Johnson played the front nine in even par with two birdies and two bogeys. He birdied Nos. 11, 14, 15 and 18 on the back nine.


Full-field scores from the Valero Texas Open

Valero Texas Open: Articles, photos and videos


''Different wind today early on, misjudged some numbers, misjudged some wind, made some bad swings, all of the above,'' Johnson said. ''But truthfully, my short game was actually pretty good, my putting was great. I missed some putts, but I hit some really good ones, hit some lines and I gave myself opportunities especially on the back side.''

Landry had a bogey-free round.

''I just did everything really good,'' Landry said. ''I was staying patient and just trying to make a bunch of pars. This golf course can come up and bite you in a heartbeat.''

Ryan Moore was two strokes back at 11 under after a 70. Sean O'Hair had a 65 to join 2015 champion Jimmy Walker (67), Chris Kirk (68) and 2013 winner Martin Laird (69) at 9 under.

''I just feel like I'm getting closer and closer to playing better and better golf, more solid golf, putting rounds together,'' Walker said. ''I'm excited for the opportunity tomorrow.''

Mullinax has made 42 of 44 putts from inside 10 feet this week.

''They just kind of remind me of greens from home,'' Mullinax said. ''My caddie, David (Flynn), has been reading them really well.

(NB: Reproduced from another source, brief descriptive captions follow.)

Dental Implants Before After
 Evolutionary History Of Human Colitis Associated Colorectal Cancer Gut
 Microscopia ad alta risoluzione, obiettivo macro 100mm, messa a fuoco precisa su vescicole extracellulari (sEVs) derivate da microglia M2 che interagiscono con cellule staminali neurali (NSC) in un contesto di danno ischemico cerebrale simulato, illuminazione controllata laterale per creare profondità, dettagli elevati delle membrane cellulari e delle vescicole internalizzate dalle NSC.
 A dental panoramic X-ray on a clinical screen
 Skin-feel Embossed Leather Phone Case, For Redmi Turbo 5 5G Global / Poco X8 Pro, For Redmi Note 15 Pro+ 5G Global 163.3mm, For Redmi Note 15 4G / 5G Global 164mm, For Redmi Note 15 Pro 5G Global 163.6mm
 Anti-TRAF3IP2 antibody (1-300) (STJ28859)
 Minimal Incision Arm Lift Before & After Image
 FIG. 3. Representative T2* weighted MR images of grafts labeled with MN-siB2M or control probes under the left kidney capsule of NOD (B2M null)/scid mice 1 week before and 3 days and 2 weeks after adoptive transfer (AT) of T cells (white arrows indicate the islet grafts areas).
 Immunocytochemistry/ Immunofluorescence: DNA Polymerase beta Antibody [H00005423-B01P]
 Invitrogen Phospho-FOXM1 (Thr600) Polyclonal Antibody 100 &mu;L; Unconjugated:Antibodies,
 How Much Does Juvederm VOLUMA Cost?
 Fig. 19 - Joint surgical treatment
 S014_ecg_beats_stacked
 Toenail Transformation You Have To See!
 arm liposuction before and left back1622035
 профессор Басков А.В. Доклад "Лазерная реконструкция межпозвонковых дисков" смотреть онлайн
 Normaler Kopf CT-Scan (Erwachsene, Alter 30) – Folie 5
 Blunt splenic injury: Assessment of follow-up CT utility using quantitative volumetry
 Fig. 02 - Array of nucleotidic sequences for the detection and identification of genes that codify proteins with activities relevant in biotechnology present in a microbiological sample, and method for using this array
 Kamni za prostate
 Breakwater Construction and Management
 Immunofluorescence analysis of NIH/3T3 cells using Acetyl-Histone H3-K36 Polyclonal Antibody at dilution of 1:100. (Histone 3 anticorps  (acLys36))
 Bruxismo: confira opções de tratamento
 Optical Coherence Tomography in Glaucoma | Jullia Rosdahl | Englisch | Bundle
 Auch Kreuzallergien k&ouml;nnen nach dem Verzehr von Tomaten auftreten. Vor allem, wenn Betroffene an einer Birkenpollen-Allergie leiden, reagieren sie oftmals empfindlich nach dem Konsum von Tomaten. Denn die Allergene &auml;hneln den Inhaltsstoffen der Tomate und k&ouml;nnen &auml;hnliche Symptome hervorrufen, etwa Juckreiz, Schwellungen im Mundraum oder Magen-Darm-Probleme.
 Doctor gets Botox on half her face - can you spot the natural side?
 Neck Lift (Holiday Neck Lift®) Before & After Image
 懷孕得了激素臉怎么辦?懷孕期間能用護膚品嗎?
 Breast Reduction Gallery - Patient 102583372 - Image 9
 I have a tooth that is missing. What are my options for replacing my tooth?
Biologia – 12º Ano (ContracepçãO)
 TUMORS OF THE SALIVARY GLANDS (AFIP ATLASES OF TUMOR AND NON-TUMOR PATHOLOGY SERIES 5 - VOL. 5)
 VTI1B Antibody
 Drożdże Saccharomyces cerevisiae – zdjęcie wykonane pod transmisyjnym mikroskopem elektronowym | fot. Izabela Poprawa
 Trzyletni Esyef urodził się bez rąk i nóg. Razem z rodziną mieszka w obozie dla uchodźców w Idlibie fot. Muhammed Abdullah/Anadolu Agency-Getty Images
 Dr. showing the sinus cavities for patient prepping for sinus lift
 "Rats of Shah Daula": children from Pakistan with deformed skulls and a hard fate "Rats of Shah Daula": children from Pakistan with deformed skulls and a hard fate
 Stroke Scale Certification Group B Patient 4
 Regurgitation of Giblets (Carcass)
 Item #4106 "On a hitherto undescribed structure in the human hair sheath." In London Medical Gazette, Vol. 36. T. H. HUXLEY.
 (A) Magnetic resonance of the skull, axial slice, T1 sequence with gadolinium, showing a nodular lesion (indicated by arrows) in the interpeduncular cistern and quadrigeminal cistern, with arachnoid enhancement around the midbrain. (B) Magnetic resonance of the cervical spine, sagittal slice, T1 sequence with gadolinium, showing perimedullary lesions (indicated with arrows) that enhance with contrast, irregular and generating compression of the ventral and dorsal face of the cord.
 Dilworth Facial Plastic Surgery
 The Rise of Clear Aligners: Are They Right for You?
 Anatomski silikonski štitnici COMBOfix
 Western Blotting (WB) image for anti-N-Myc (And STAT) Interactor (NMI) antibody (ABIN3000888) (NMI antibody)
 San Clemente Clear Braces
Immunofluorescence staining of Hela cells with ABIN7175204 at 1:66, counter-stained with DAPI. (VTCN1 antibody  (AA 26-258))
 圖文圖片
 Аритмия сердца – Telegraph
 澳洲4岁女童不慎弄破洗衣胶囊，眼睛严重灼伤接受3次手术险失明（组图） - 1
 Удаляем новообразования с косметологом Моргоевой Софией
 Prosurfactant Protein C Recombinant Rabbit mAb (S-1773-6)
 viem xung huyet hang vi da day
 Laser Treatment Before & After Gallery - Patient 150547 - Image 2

We trusted each other on our reads and I've been hitting good putts. Been working hard on putting on the weeks off that I've had so it's good to see some results.''

The 25-year-old former Alabama player chipped in for the eagle on 14 and the birdie on the par-3 16th.

''It was just a little bit down the hill,'' he said about the 16th. ''All you had to do was just land it just past that little light grass spot. My caddie told me just read it like a putt, so I tried to just read it like a putt and it went in.''

On 18, he hit a 3-iron from 255 yards to 15 feet to set up his eagle putt. He broke the course record of 63 set by Matt Every in 201 and matched by Laird in 2013. The tournament record is 60 at LaCantera, by Bart Bryant in 2004 and Johnson in 2009.